(Beginning of SUPPLIED RECORDS)

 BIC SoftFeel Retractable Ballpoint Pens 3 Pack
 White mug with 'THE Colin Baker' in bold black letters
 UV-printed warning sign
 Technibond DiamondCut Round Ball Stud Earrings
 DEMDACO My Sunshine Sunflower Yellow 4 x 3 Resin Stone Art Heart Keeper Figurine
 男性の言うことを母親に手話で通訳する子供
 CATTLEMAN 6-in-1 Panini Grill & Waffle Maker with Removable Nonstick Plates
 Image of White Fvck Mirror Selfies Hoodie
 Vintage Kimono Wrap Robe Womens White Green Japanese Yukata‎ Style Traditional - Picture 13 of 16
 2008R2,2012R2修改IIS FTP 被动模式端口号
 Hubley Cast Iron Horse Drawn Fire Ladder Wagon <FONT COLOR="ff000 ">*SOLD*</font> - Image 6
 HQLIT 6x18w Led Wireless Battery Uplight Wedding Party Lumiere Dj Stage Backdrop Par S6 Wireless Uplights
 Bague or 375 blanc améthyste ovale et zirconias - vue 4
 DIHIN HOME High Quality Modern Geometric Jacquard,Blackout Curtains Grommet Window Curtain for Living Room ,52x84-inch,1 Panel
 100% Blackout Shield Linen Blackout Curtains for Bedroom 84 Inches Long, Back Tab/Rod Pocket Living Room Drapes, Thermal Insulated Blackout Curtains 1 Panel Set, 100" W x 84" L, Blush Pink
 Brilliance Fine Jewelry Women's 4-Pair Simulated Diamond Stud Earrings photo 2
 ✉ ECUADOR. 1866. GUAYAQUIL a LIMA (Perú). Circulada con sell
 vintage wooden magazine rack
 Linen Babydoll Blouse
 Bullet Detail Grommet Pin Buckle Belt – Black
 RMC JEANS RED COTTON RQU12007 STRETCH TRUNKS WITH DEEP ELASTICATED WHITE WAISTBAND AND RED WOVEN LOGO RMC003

(End of SUPPLIED RECORDS)

REQUIREMENT:
Among the lines of the preceding listing, count those that contain the string "Grommet"; state the count and nothing further.

EXERCISE ANSWER:
2